Contact: John Robinson (831) 647-4237 or 4201
Rare Right Whale Sighted in Monterey Bay National Marine Sanctuary
An extremely rare northern right whale, a species nearly extinct, was spotted off the Big Sur Coast last week, fleeing a pair of apparently aggressive gray whales in an unusual interaction observed by Monterey Bay National Marine Sanctuary officials.
Monterey Bay Sanctuary Superintendent Bill Douros and NOAA Corps. pilot Lt. Commander Matt Pickett, were aboard the Sanctuary airplane SEA WOLF, assessing storm damage along the Big Sur Coast near Cape San Martin, when large splashes appeared in the ocean below them, near a pod of gray whales.
"We looked down and saw a large black whale being chased by several gray whales," Douros said. "I couldn't believe it. For a biologist this is so exciting, both because of the rareness of the whale and also because of the interaction between the two species."
Pickett, who has flown right whale census projects off the East Coast, confirmed the sighting.
"There were probably 12 gray whales in an area about a quarter square mile near the right whale, although only two were obviously interacting with the right whale. We saw one group of six gray whales swimming together, northbound, several hundred yards south of the right whale," Douros added.
For about 15 minutes Douros and Pickett circled the whales, watching the right whale veer back and forth, splash and dive repeatedly as it tried to elude the pursuing gray whales. Eventually the right whale submerged for an extended period and Douros and Pickett continued their flight. While the right whale was swimming northbound, eluding the gray whales, neither Douros or Pickett were confident that they could predict the whale's overall direction of travel.

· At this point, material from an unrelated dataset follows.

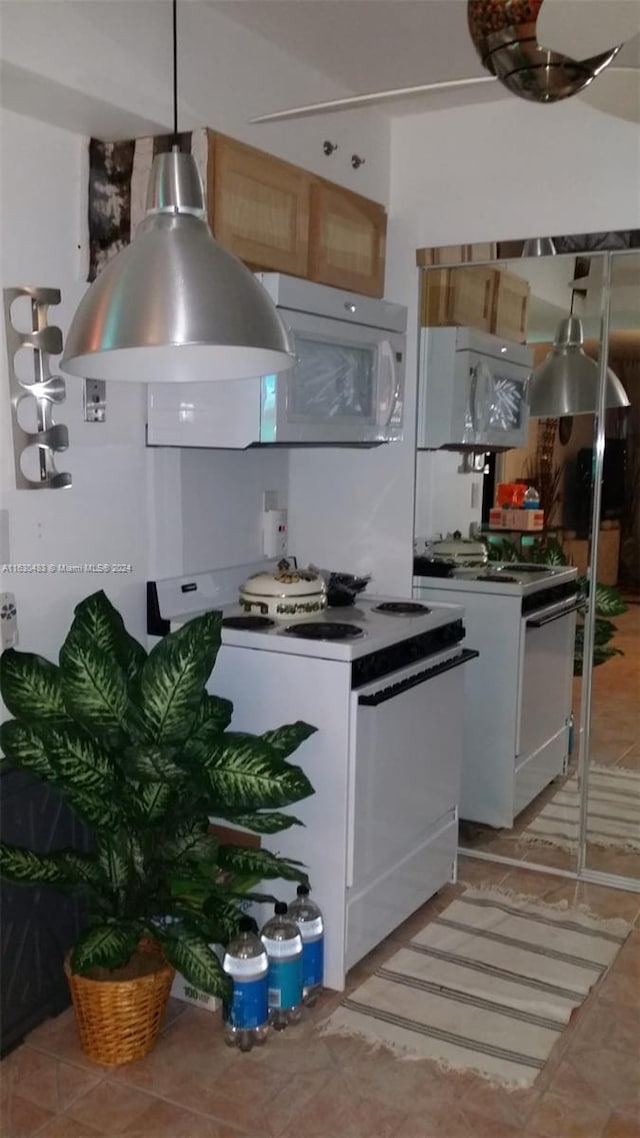 kitchen featuring light tile patterned flooring and white appliances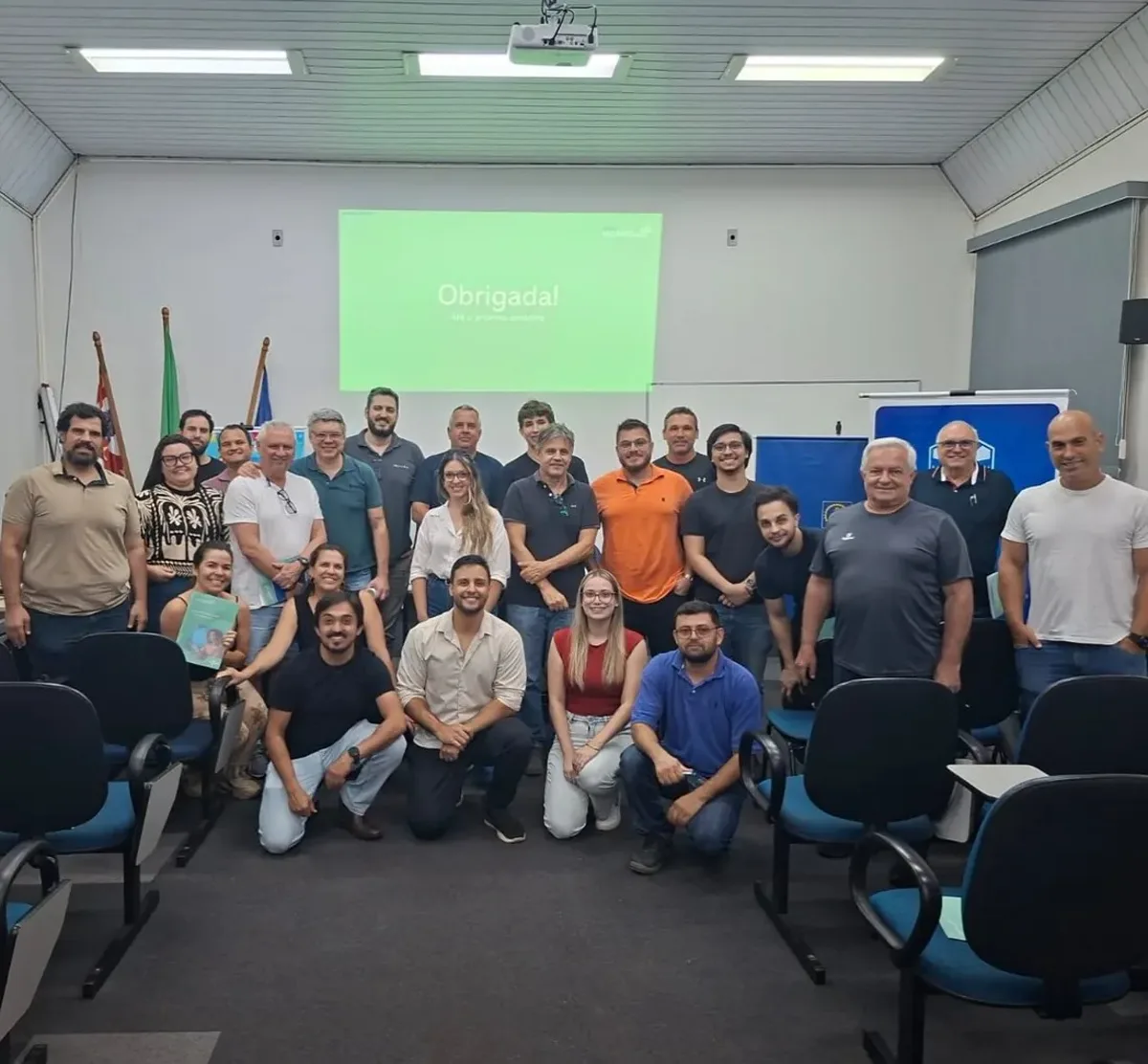 Turma de IA da Alpha Fox em São Carlos reunida em auditório, com cerca de trinta participantes posando em frente à tela de projeção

It is only the fourth sighting of a right whale off the California coast in the past 15 years. The sighting, and unusual behavior of the gray whales, is of great interest to marine biologists.
"It's an extraordinary, unprecedented sighting," said Alan Baldridge, a cetacean expert recently retired from Stanford University's Hopkins Marine Laboratory. "They are the rarest large whale in the North Pacific. We've never heard of aggressive behavior between baleen whales. We see aggressive interactions between baleen and toothed whales - such as orcas. But nothing like this."
Right whales were hunted to the brink of extinction near the turn of the century, before receiving federal protection in 1937. Some experts estimate that as few as 50 to 100 right whales are left in the Eastern Pacific, ranging off the coast from Mexico to Alaska. It is not a species expected to survive.
"Their numbers are so low in the Eastern Pacific, we've concluded that so few remain, that it is not a viable population," Baldridge said. "There are a few stragglers, but no sign of reproduction."
Over the past 15 years, only three verified sightings have been recorded in the Eastern Pacific. In April, 1995 National Marine Fisheries biologists observed a right whale off Point Piedras Blancas, near Cambria on the southern edge of the Monterey Bay Sanctuary.
Prior to that the most recent sightings had been in March, 1982 off Half Moon Bay, and in March, 1981 in the Santa Barbara Channel in the Channel Islands National Marine Sanctuary.
The Sanctuary is developing a search plan to possibly conduct a census later this week for right whale(s).
Commercial fishermen and whale watch operators are asked to keep a look out for the right whale. It can be distinguished from gray whales, common off California at this time, by its slightly larger size (15m vs. 12 m), its nearly uniformly black body, its lumpy white patches, called callosities on its head and lower jaw, its deeply v-shaped tail flukes, and its conspicuous v-shaped blow.
Please contact the Monterey Bay National Marine Sanctuary office, (831) 647-4201, if any right whales are spotted.
Several poorly focused pictures are available for review by researchers.